Beginning with the line that contains "custom decorative national", transcribe the rest of the listing below exactly, including its last line, and exclude any pictures.
########
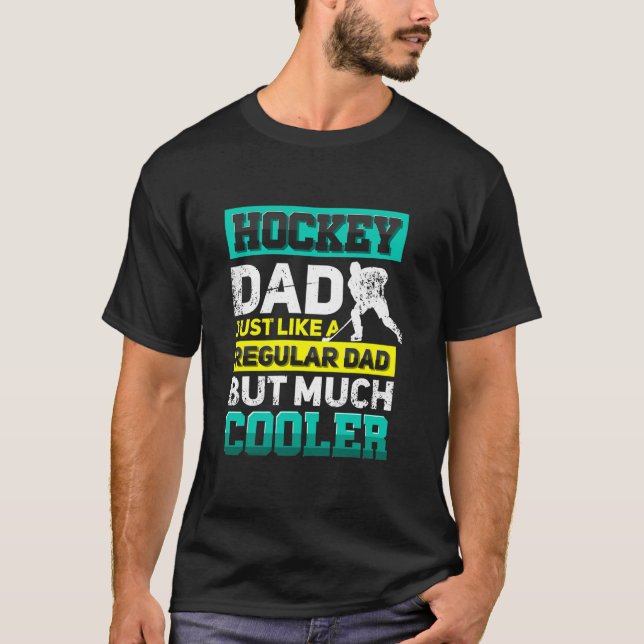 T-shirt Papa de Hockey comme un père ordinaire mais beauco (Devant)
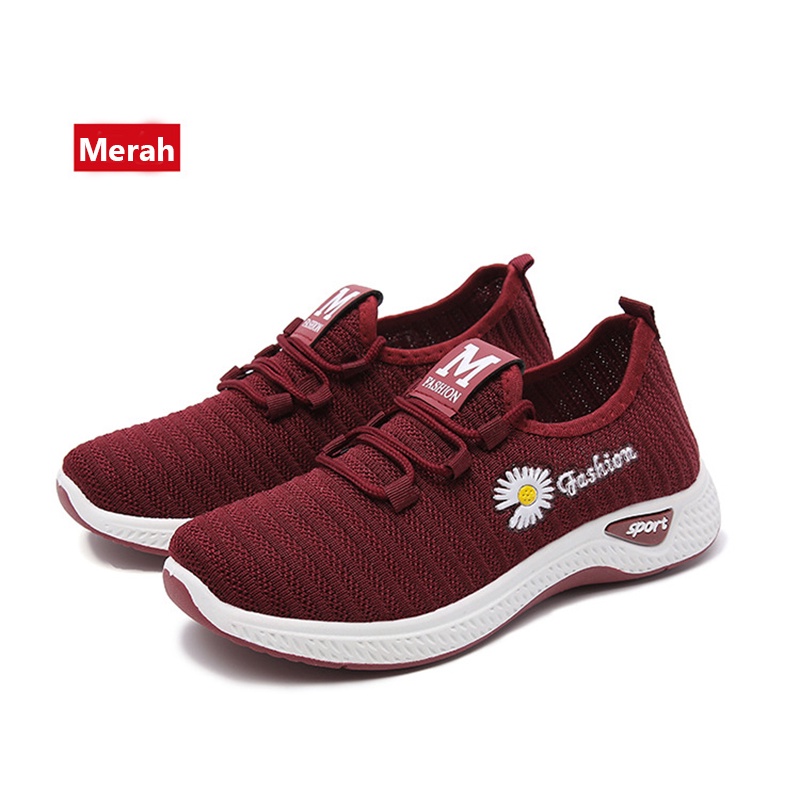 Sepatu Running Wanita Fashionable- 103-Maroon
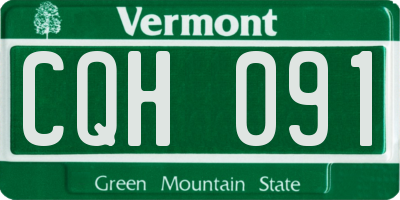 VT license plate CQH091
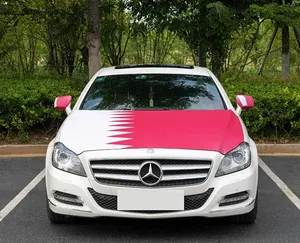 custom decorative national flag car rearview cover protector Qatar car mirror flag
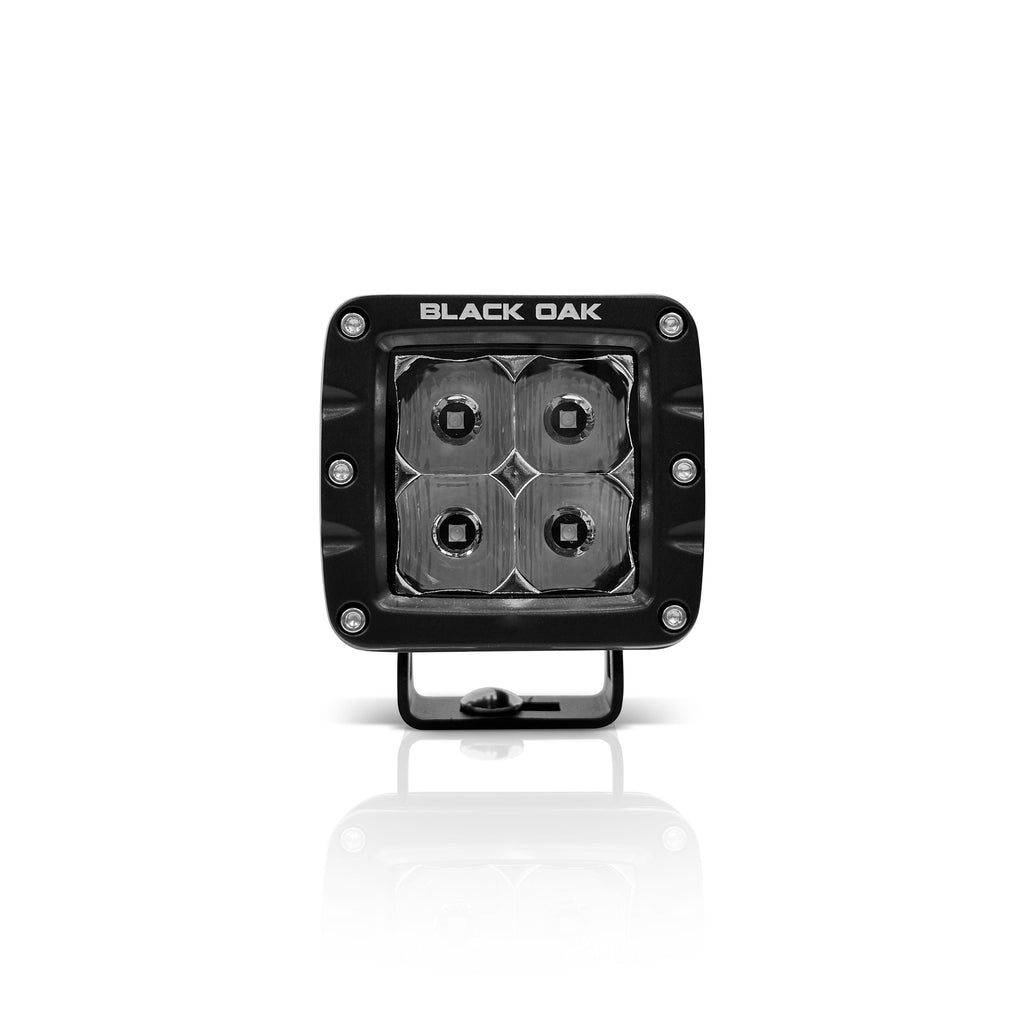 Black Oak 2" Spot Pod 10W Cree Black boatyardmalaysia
########
EXERCISE OUTPUT:
 custom decorative national flag car rearview cover protector Qatar car mirror flag
 Black Oak 2" Spot Pod 10W Cree Black boatyardmalaysia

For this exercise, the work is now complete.